Oficialmente ya estamos en verano. Aunque hace una semana hayamos pasado la mayor ola de calor en toda la península y hayamos disfrutado la piscina como nunca, las temperaturas han bajado y no podemos olvidarnos de los inconvenientes que se producen.
El viento se convierte en nuestro mayor enemigo, ya que hace volar toda la suciedad o polvo de las carreteras o aceras y acaba dentro de la piscina o por ejemplo hay más probabilidades de que en el agua salgan algas o microorganismos, por los enormes y repentinos cambios a los que se enfrenta la piscina. Ambos problemas debemos de tratarlos cuanto antes para evitar que aumenten y empeoren, ya que cualquiera de ellos puede desplazarse hasta el interior del sistema.

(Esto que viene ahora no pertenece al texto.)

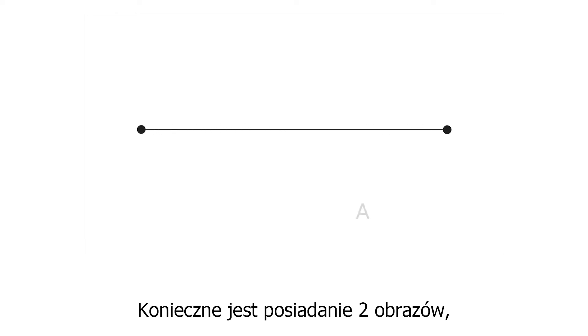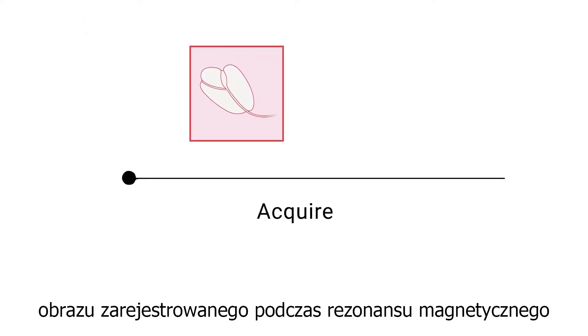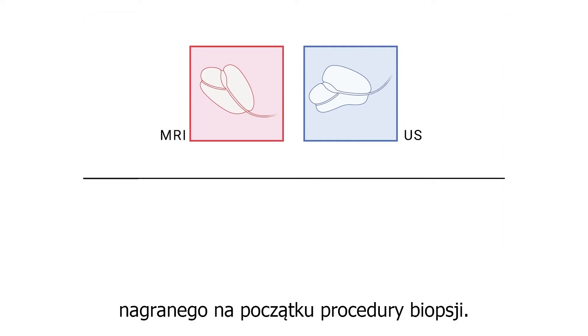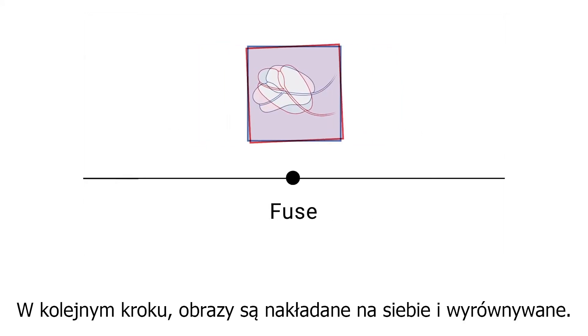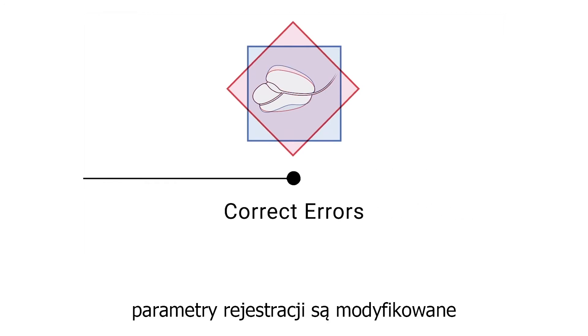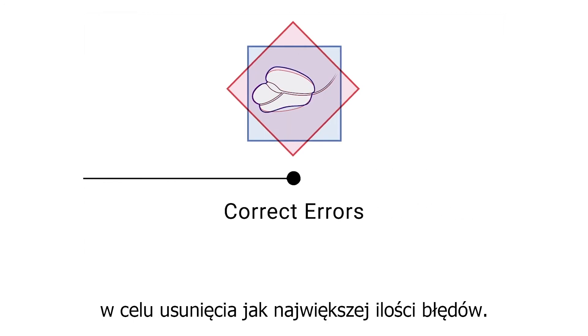First, two images are required — in this case an MRI before the biopsy and an ultrasound at the beginning of the biopsy procedure. These images are then fused and aligned to each other. During the final alignment stage, registration parameters are adjusted until as many errors are corrected as possible.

Al mismo tiempo, debemos tener en cuenta que los niños y algunos adultos han comenzado la jornada reducida. Esto significa que las tardes y los fines de semana la zona de la piscina se llena. Unos aprovechan para bañarse, otros a tomar el sol, a leer…

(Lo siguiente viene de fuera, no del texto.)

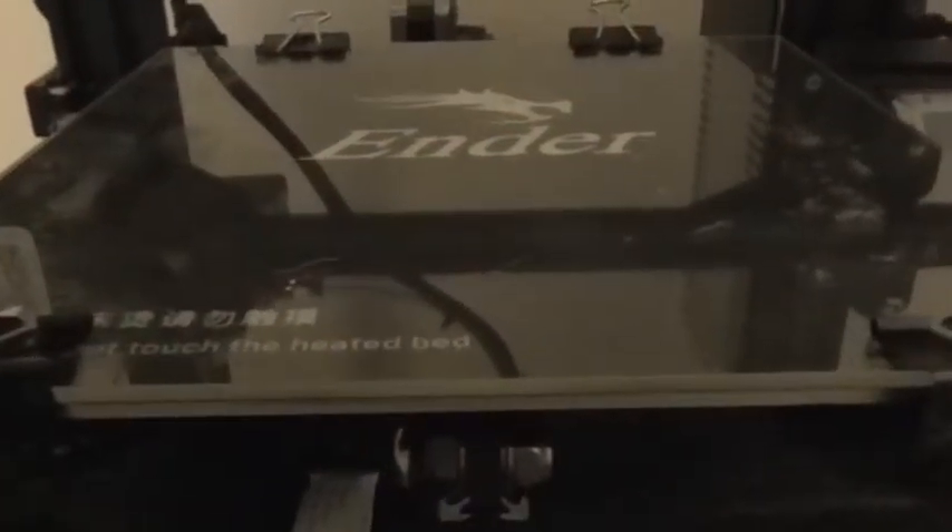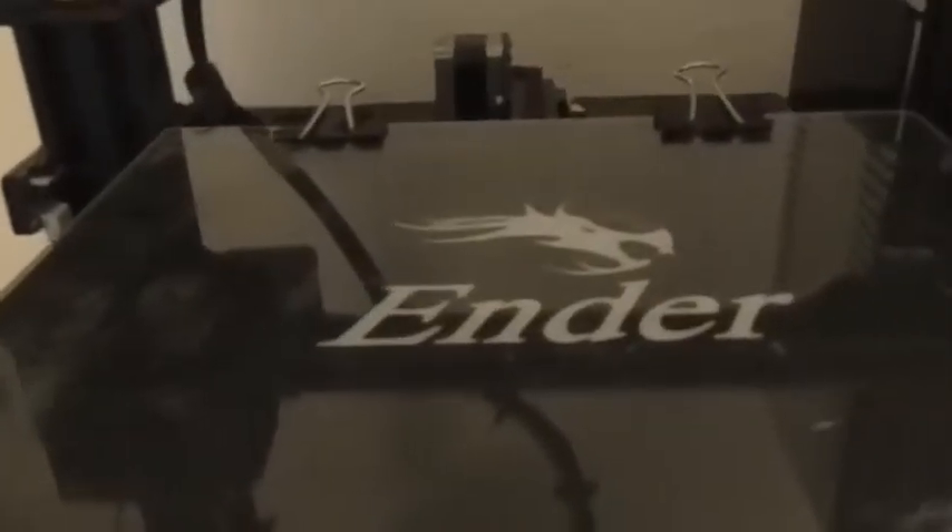I put the build plate — the borosilicate glass — back onto the 3D printer, my Ender printer. There were a couple of areas where the hairspray didn't quite come out, but that's okay. And there was a little logo in the front that I used to show which way was front. So just with a little hot water and not a lot of elbow grease, the glass is almost completely clean.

Durante el año, las piscinas se mantienen cerradas y tendemos a cuidarlas menos pensando que con los productos que se vayan echando de vez en cuando será suficiente. Pero no, todo lo contrario, esto hace que el vaso de la piscina se deteriore, comience a agrietarse y empiecen a salir los problemas de golpe, porque la piscina no avisa, se rompe y hay que hacer frente al problema cuanto antes.
Cuidar la piscina no se trata únicamente de que el agua luzca limpia, sino de que lo esté y sobre todo que esté adaptada a nuestras necesidades.